Başbakan Erdoğan'ın cumhurbaşkanlığına giderken açıkladığı vizyon belgesi içeriği kadar o toplantıya katılanların çeşitliliğiyle de dikkat çekici ve tarihiydi.
Önce geçmişe yönelik tarihi bir tespitin altını çizelim. "Devlet özgürlüklerden korkmuştur. Halkın değişim isteği reddedildi, görmezden gelindi.
Demokrasi, özgürlük isteyenler kimi zaman kanlı şekilde, işkenceyle, zorbalıkla, baskıyla sindirildi."
Bunlar da geleceğe yönelik işaretler:
"Devlet din ilişkisini belirleyen unsur sivilliktir. Toplum kendi dini yaşamını kendisi gerçekleştirmelidir."
"Yargı teşkilatı, hukuka ve adalet idealine uygun yargılamayı sağlayacak bir şekilde yeniden yapılandırılmalıdır."
"Biz demokrasi istedik, özgürlük istedik. 12 yıldır her alanda büyük reformlar geliştirdik. Sünninin özgürlüğü kadar Alevi'nin özgürlüğünü de savunan biz olduk. Kürdün, Arabın, Boşnağın diğer bütün etnik kimliklerin hakkını da savunan biz olduk"
Bu tespitleri yapan Başbakan Erdoğan, "Neden Yeni Türkiye yolunda..." sorusuna da net bir cevap veriyor?
"Elbette mükemmel bir yerde değiliz. Daha yapacak çok işimiz var." Tam da bu nedenle son 12 yılda yapılanları bir "kapı aralama" olarak niteliyor:
"Yeni Türkiye'nin kapılarını artık araladık. Yeni Türkiye herkesin Türkiye'sidir. Yeni Türkiye hedefine yorulmadan, bütün vatandaşlarımızla birlikte yan yana, can cana devam edeceğiz."
Herkesin kendisinden bir parça bulacağı bu yaklaşımı, yine her kesimin özeti diyebileceğimiz bir toplulukla paylaştı. Kimler yoktu ki... İlk dikkatimi çeken Milli Görüş çizgisinin mütevazı siyasetçisi Recai Kutan...
Futbol Federasyonu Başkanı Yıldırım Demirören, Galatasaray Başkanı Ünal Aysal, Beşiktaş Başkanı Fikret Orman, yine spor dünyasından Rıdvan Dilmen, Tanju Çolak, Hidayet Türkoğlu...

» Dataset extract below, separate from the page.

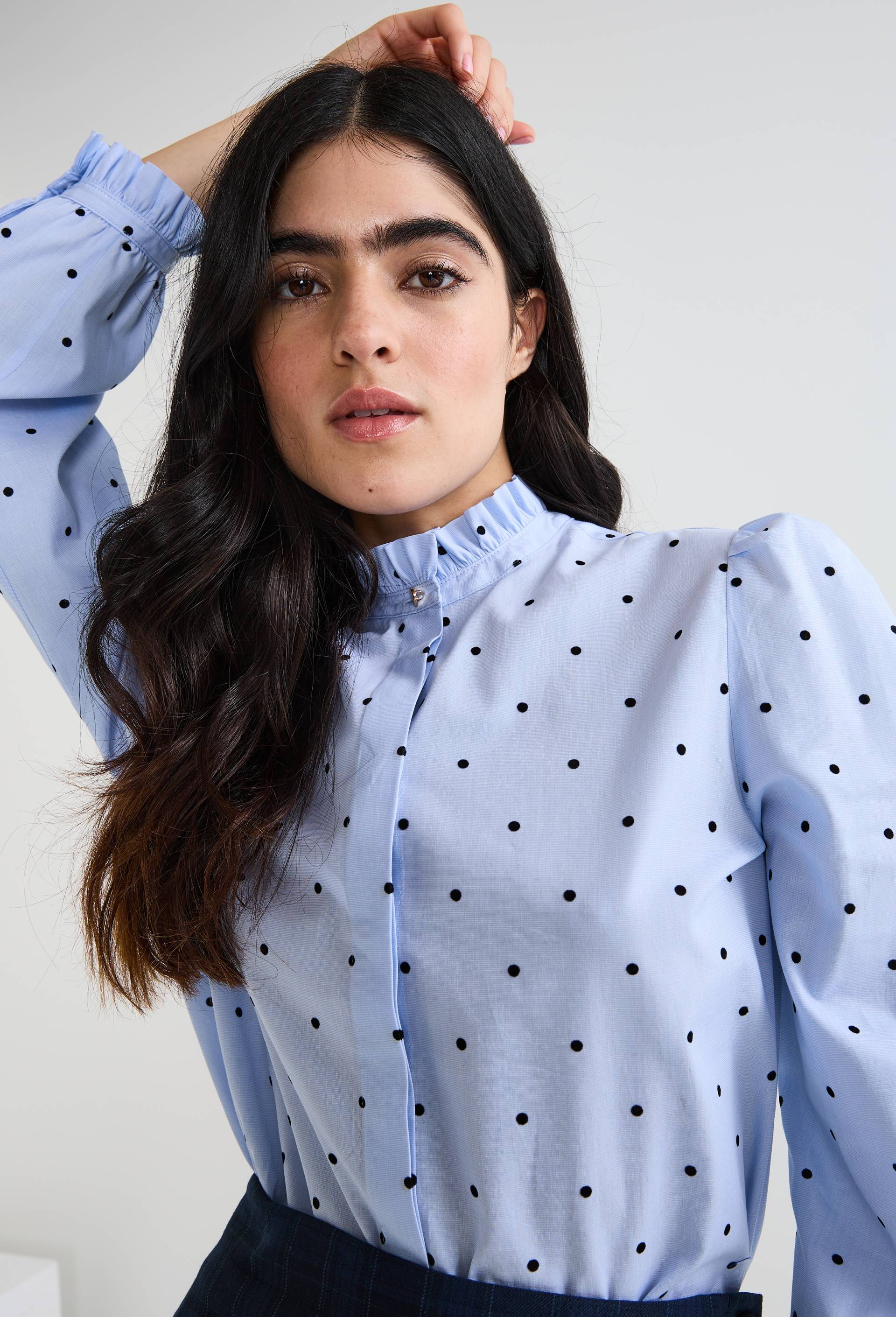 Blouse manches longues imprim&eacute;e en coton BIO GOTS, Bleu clair, large image number 0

Sanat dünyasından Bülent Ersoy, Hülya Koçyiğit, Orhan Gencebay, Şafak Sezer, Şahan Gökbakar gibi çok sayıda ünlü... Ama sadece ünlü değil, sivil toplum örgütleri, sendikalar, engelliler ve işçi temsilcileri de var.
Birilerinin o toplantıya katılanları itibarsızlaştırmaya yönelik ölçüsüzlükleri eski Türkiye'nin devam ettiğini sanmalarından, ciddiye almamak gerekiyor.